***** Given records *****
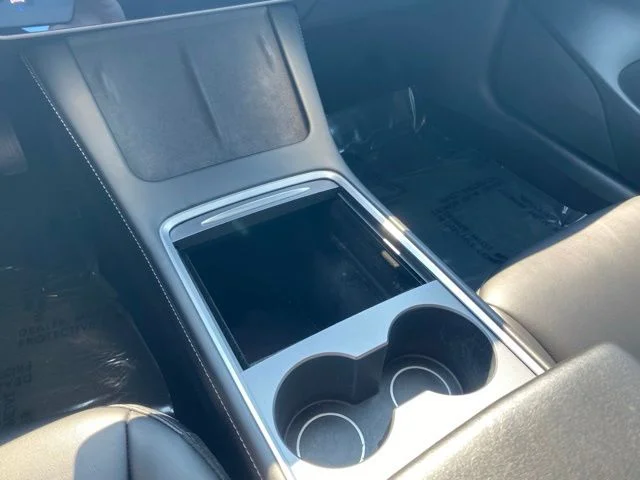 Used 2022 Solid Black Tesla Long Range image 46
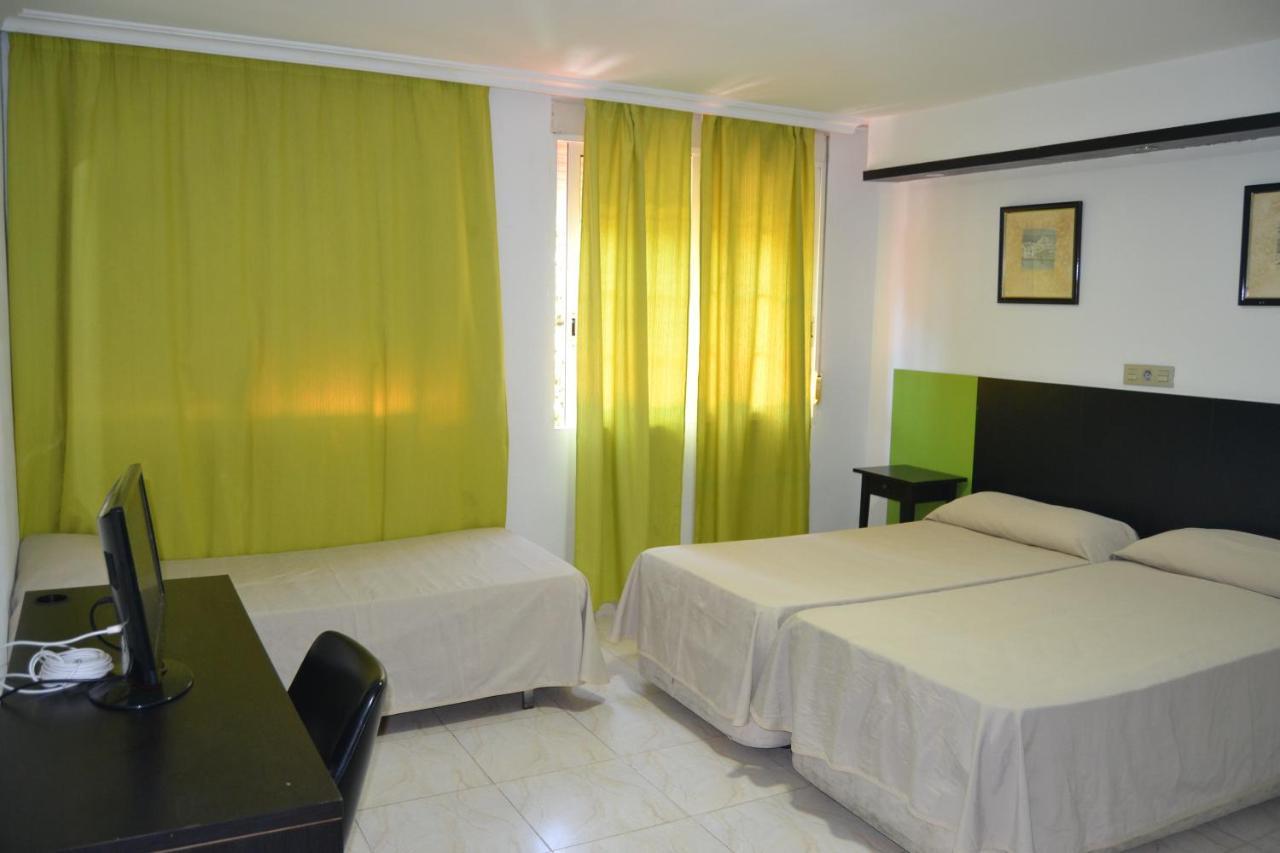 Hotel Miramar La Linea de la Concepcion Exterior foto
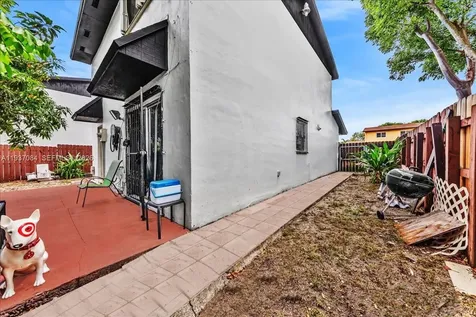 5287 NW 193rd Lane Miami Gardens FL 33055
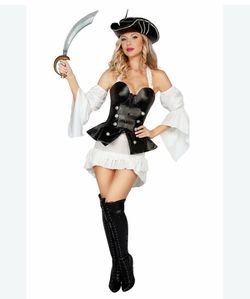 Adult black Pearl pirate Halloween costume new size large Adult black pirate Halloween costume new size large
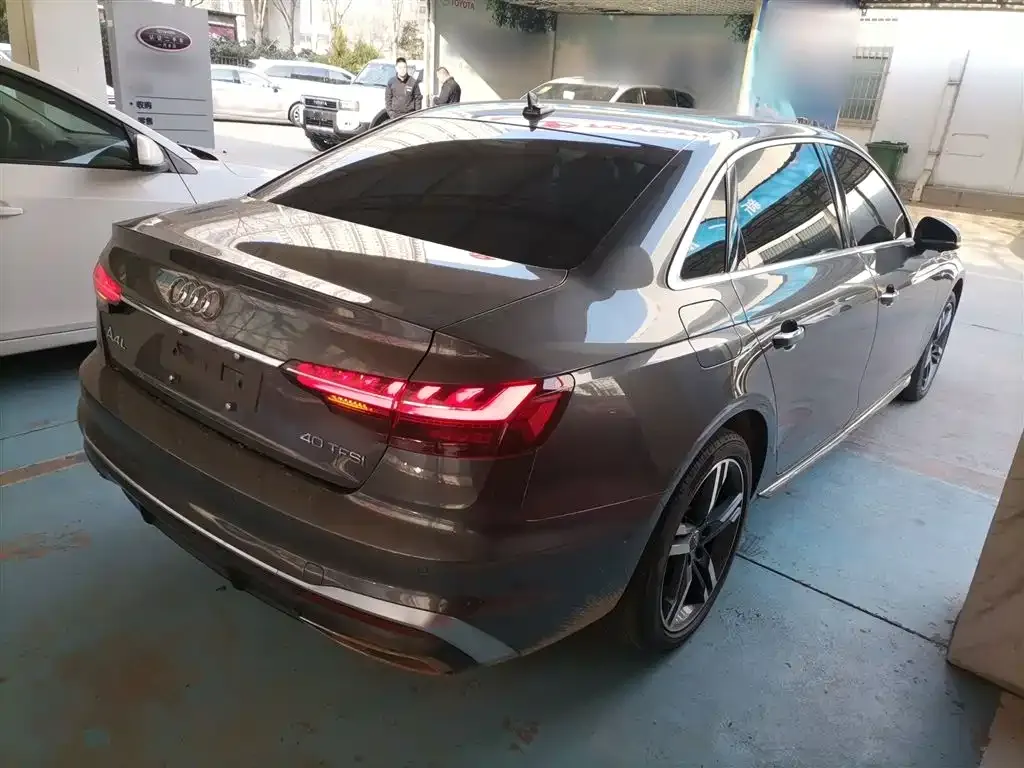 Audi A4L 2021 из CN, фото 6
*****
**What to work on:** Repeat the records above verbatim, with no pictures in the result.

**Result for this task:**
 Used 2022 Solid Black Tesla Long Range image 46
 Hotel Miramar La Linea de la Concepcion Exterior foto
 5287 NW 193rd Lane Miami Gardens FL 33055
 Adult black Pearl pirate Halloween costume new size large Adult black pirate Halloween costume new size large
 Audi A4L 2021 из CN, фото 6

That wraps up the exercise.